Keeps two EMAs — one over squared gradients, one over squared updates. The ratio of their square roots is dimensionally consistent — a “unitless” step size, so no separate \eta needed (in principle).

The update rule

\mathbf{s}_t = \rho \mathbf{s}_{t-1} + (1-\rho) \mathbf{g}_t^2,

\mathbf{u}_t = \rho \mathbf{u}_{t-1} + (1-\rho)(\Delta\mathbf{x}_t)^2,

where \mathbf{s}_t tracks squared gradients and \mathbf{u}_t tracks squared parameter updates. The actual step uses the previous update scale:

\Delta\mathbf{x}_t = -\frac{\sqrt{\mathbf{u}_{t-1}+\epsilon}} {\sqrt{\mathbf{s}_t+\epsilon}} \odot \mathbf{g}_t,

\mathbf{x}_t \leftarrow \mathbf{x}_{t-1} + \Delta\mathbf{x}_t.

In practice frameworks still expose a learning-rate hyper for fine-tuning.

From-scratch implementation

Two state buffers per parameter (s and delta):

%matplotlib inline
from d2l import mxnet as d2l
from mxnet import np, npx
npx.set_np()

def init_adadelta_states(feature_dim):
    s_w, s_b = d2l.zeros((feature_dim, 1)), d2l.zeros(1)
    delta_w, delta_b = d2l.zeros((feature_dim, 1)), d2l.zeros(1)
    return ((s_w, delta_w), (s_b, delta_b))

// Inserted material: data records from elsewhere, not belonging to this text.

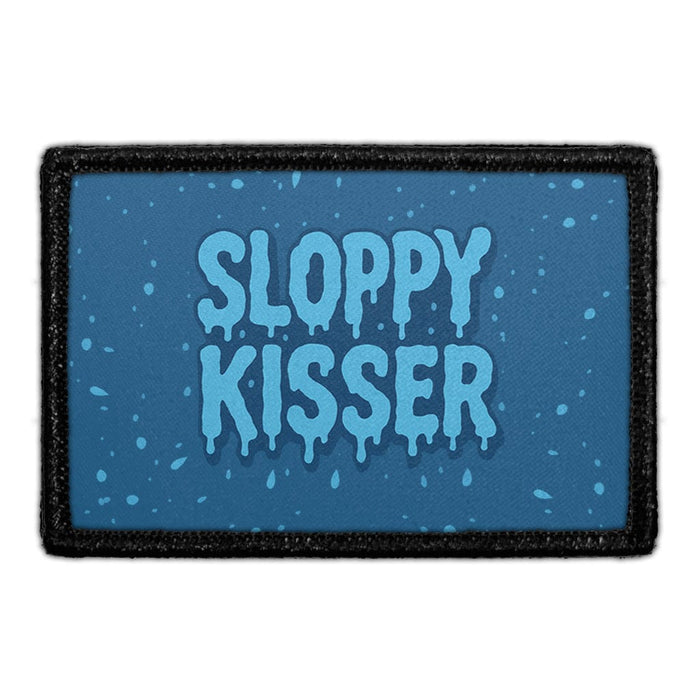 Sloppy Kisser Meta Data - Crop Image Text - - Removable Patch - Pull Patch - Removable Patches For Authentic Flexfit and Snapback Hats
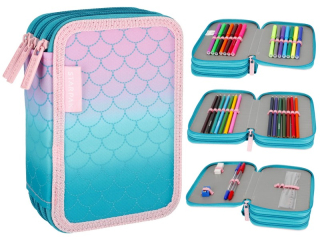 MERMAID TRIPLE PENCASE dievčenská výbava x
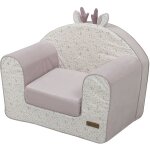 Fauteuil club lilas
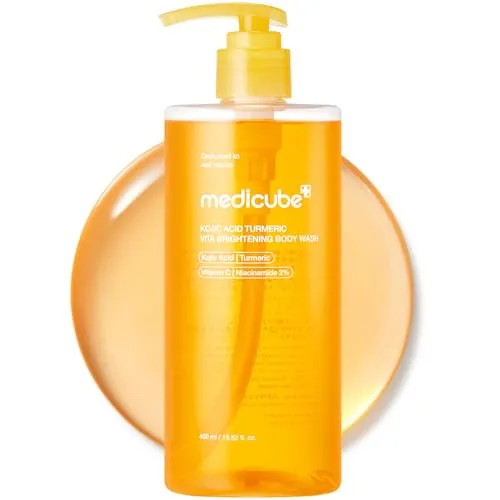 medicube Kojic Acid Turmeric Brightening Body Wash 13.52 fl.oz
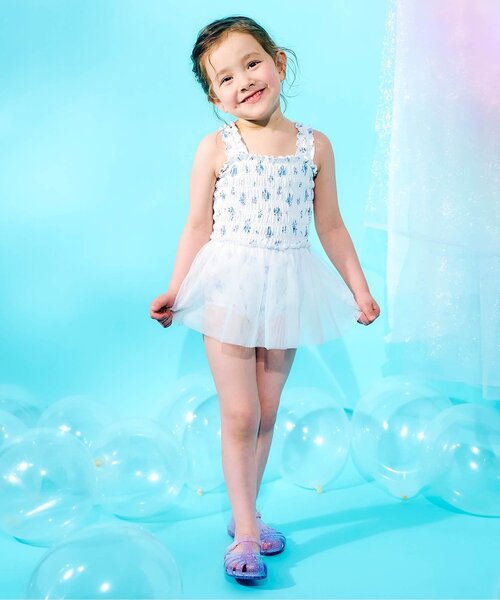 apres les cours（アプレレクール）の「ジェリーサンダル（サンダル・キッズ・サックスブルー/オフホワイト/ラベンダー/ピンク・14/15 /17/18/21/16/20/19）」の5枚目の写真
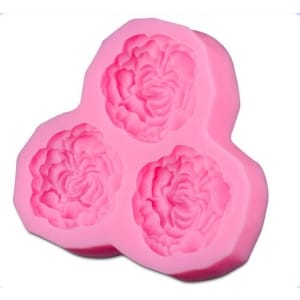 MultiLayered Flowers (Set of 3) Silicone Clay Mould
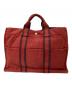 HERMES (エルメス) フールトゥMM トートバッグ レッド：5000円
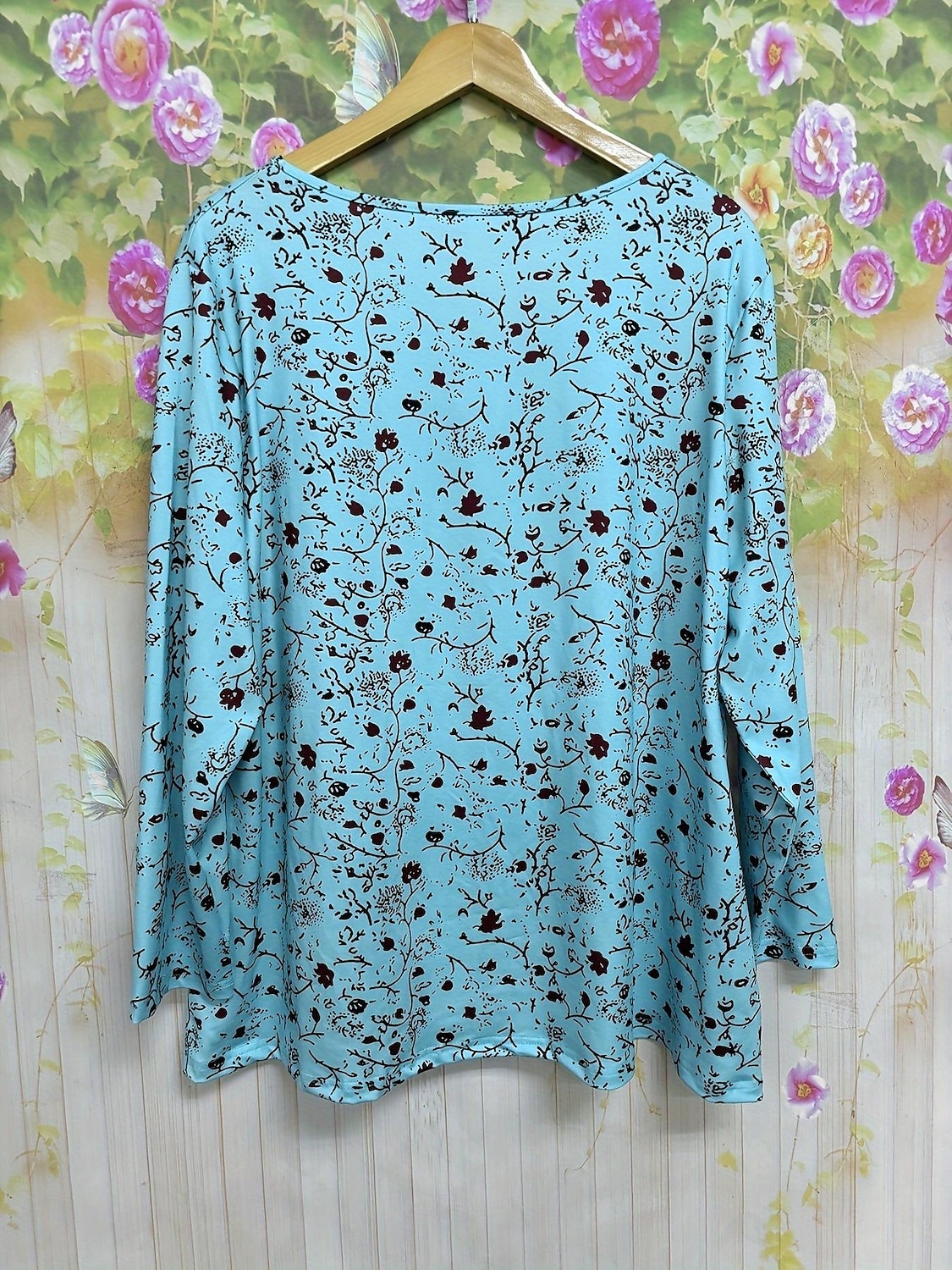 Women's Plus Size Tops T shirt Tee Graphic Long Sleeve Crew Neck Casual Office Work Fall Light Blue Yellow 2025 - $18.99 –P2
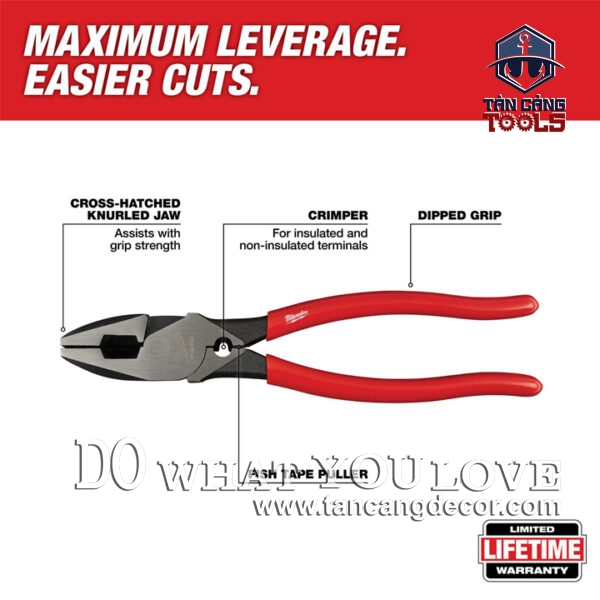 Alternative view of Kìm Cắt Đa Năng 230 mm Milwaukee 48-22-6500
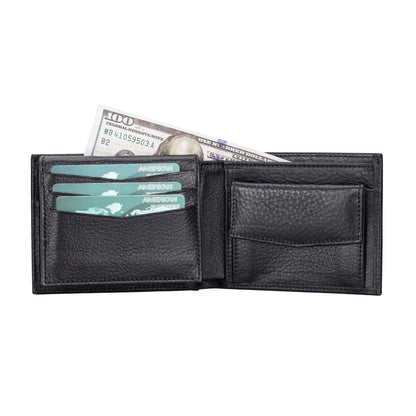 aspen premium full-grain leather wallet for men - toronata - 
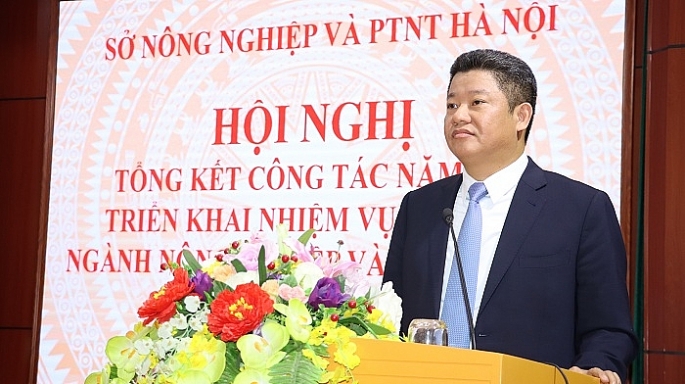 Phó Chủ tịch UBND TP Nguyễn Mạnh Quyền: “Năm 2021, ngành nông nghiệp cần tiếp tục nỗ lực để hoàn thành xuất sắc mức tăng trưởng thấp nhất là 4,2%”.(ảnh: Vân Nga)
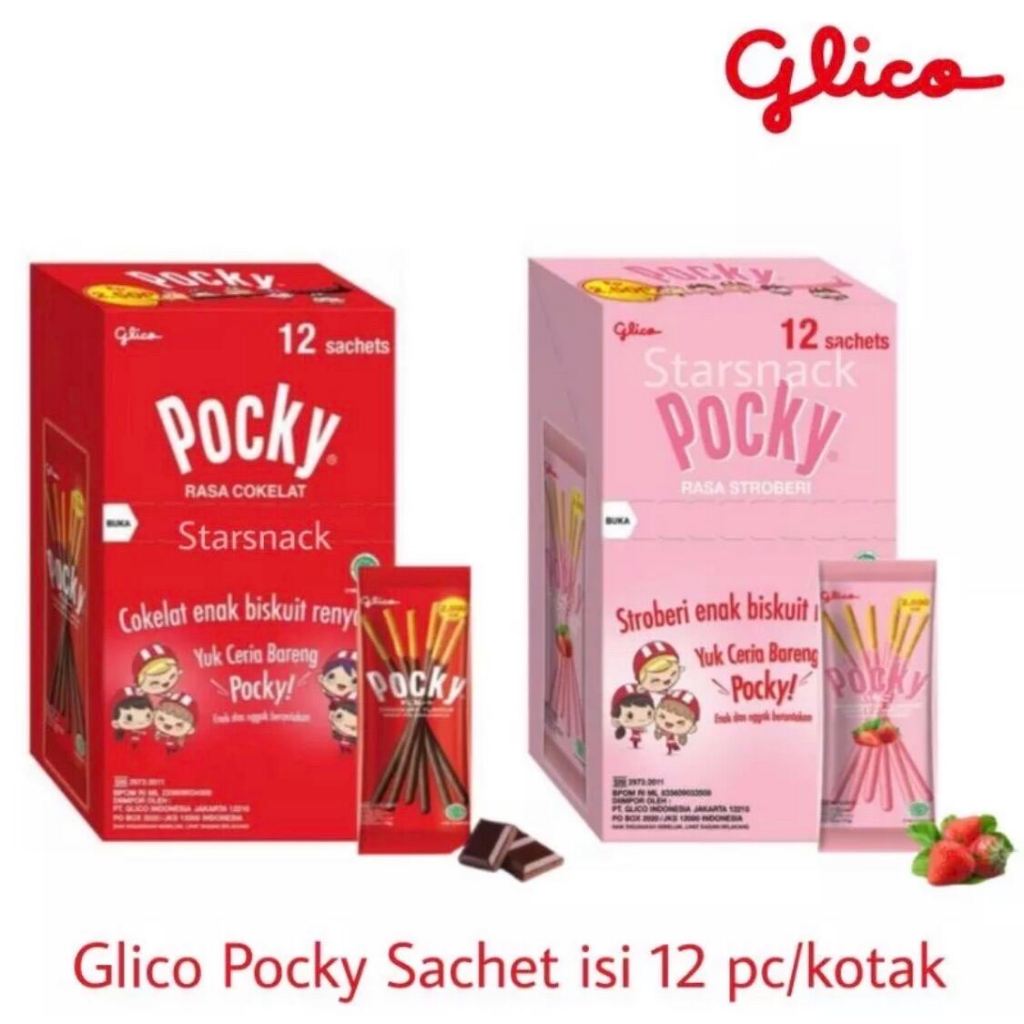 

1 Dus Pocky Sachet 12gr / 1 Karton isi 12box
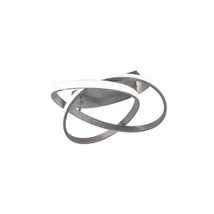 Plafoniera Trio COURSE metal, nichel, LED, 3000K, 18W, 2400lm - R62051107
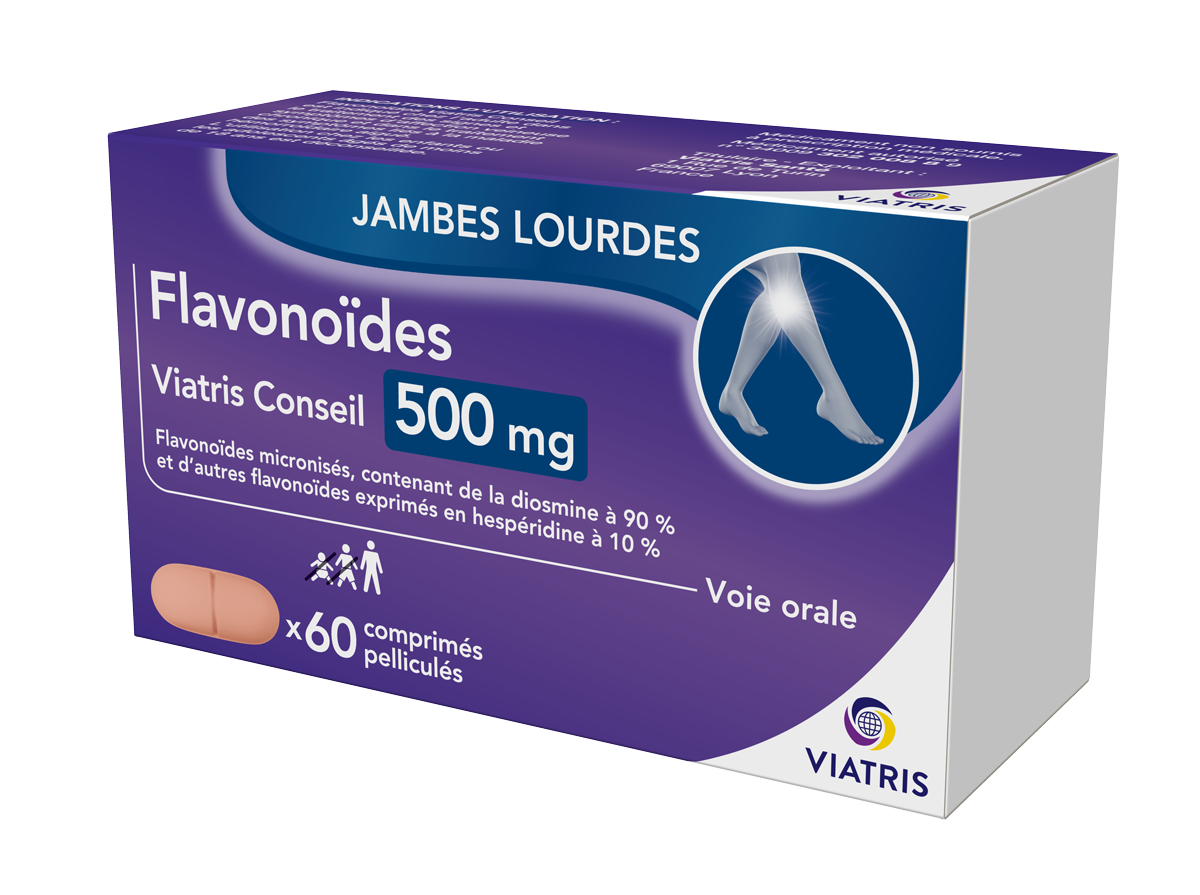 image Flavonoïdes Mylan Conseil 500 mg – VIATRIS (PMA)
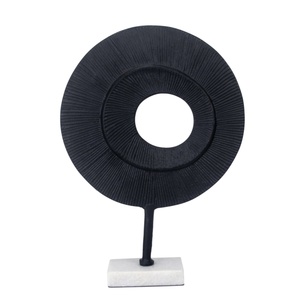 Escultura Hecha a Mano con Amor, Diseño Geométrico Circular, Decoración Artística para Mesa, Estilo Minimalista para Sala de Estar - Product Image 1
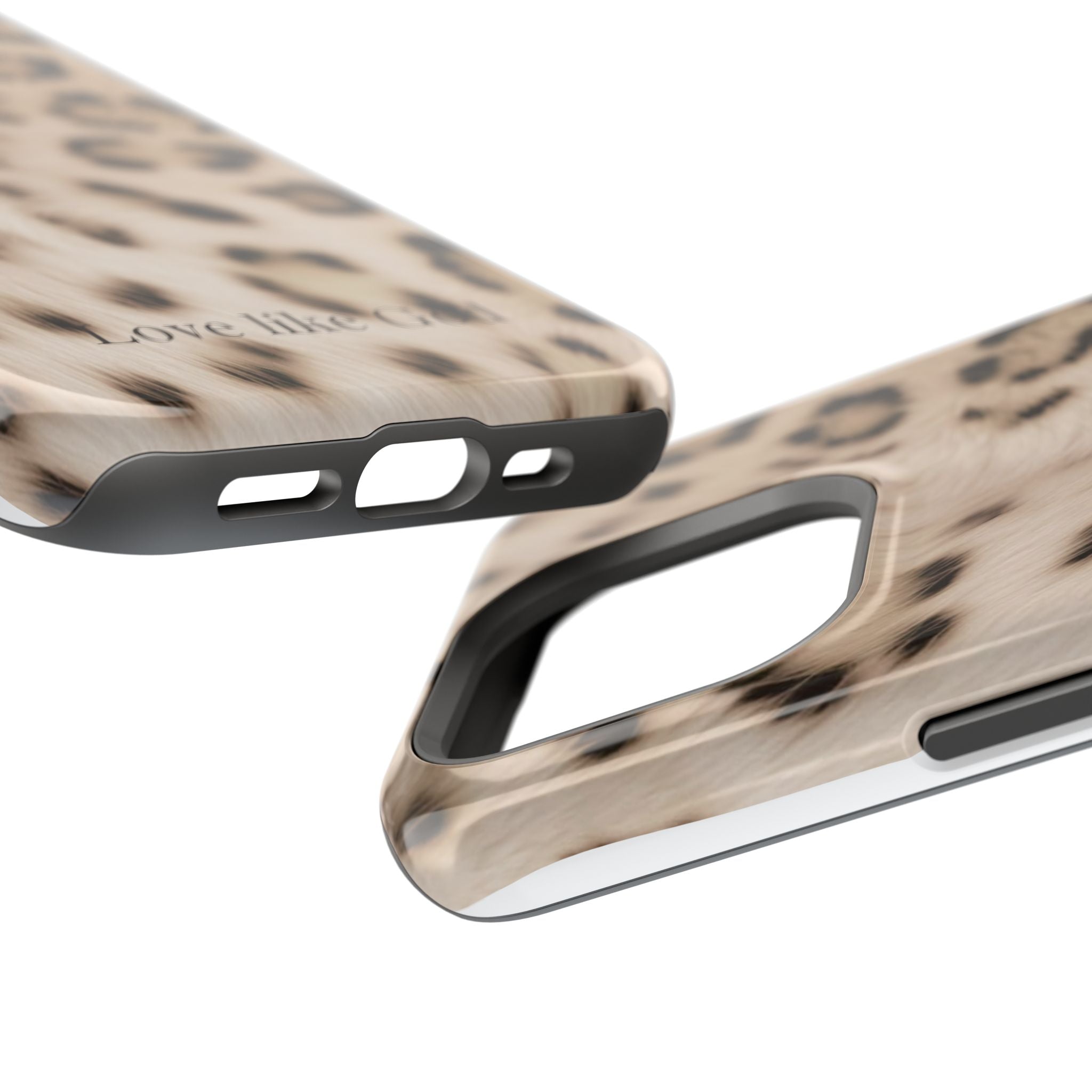 Leopard 'Love Like God' Magnetic Impact Phone Case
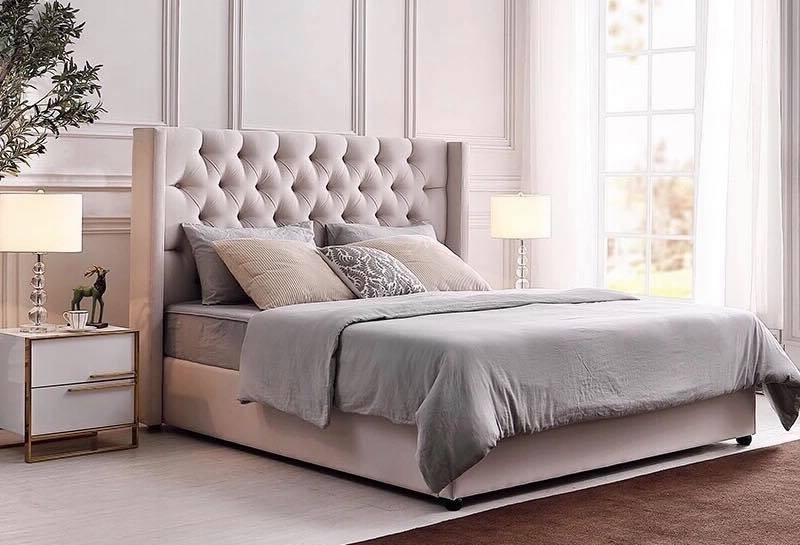 Giường bọc nệm cao cấp B0027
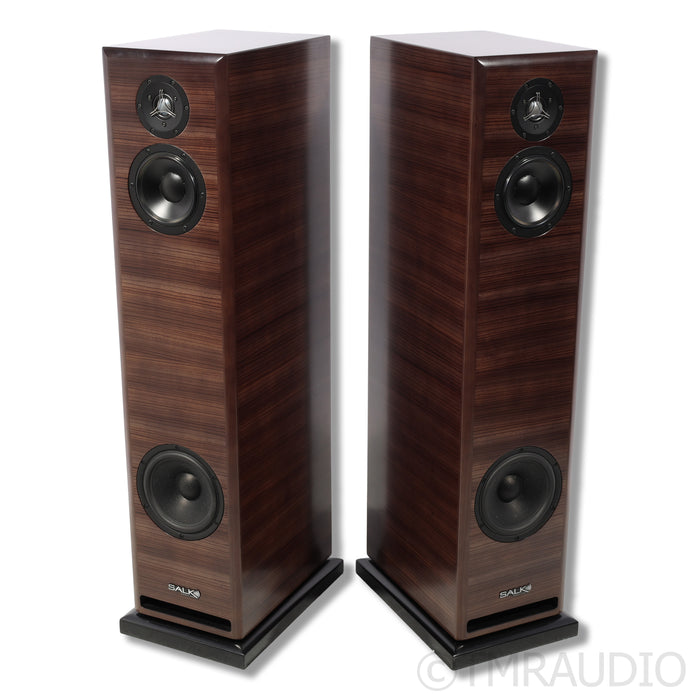Salk Song3 BeAT Floorstanding Speakers; Zebrawood; GAIA II Feet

def adadelta(params, states, hyperparams):
    rho, eps = hyperparams['rho'], 1e-5
    for p, (s, delta) in zip(params, states):
        # In-place updates via [:]
        s[:] = rho * s + (1 - rho) * np.square(p.grad)
        g = (np.sqrt(delta + eps) / np.sqrt(s + eps)) * p.grad
        p[:] -= g
        delta[:] = rho * delta + (1 - rho) * g * g
data_iter, feature_dim = d2l.get_data_ch11(batch_size=10)
d2l.train_ch11(adadelta, init_adadelta_states(feature_dim),
               {'rho': 0.9}, data_iter, feature_dim);

The loss curve should be read as a scale-adaptation demo: Adadelta trains without the hand-picked global learning rate that earlier optimizers needed.

Concise: framework Adadelta

d2l.train_concise_ch11('adadelta', {'rho': 0.9}, data_iter)

Recap

  • Two EMAs: squared gradients \mathbf{s}_t and squared updates \mathbf{u}_t.
  • Per-parameter step is the ratio \sqrt{\mathbf{u}_{t-1}}/\sqrt{\mathbf{s}_t}, dimensionally consistent — drops the explicit learning rate.
  • Less popular today than Adam, but a good case study in scale-invariant optimization design.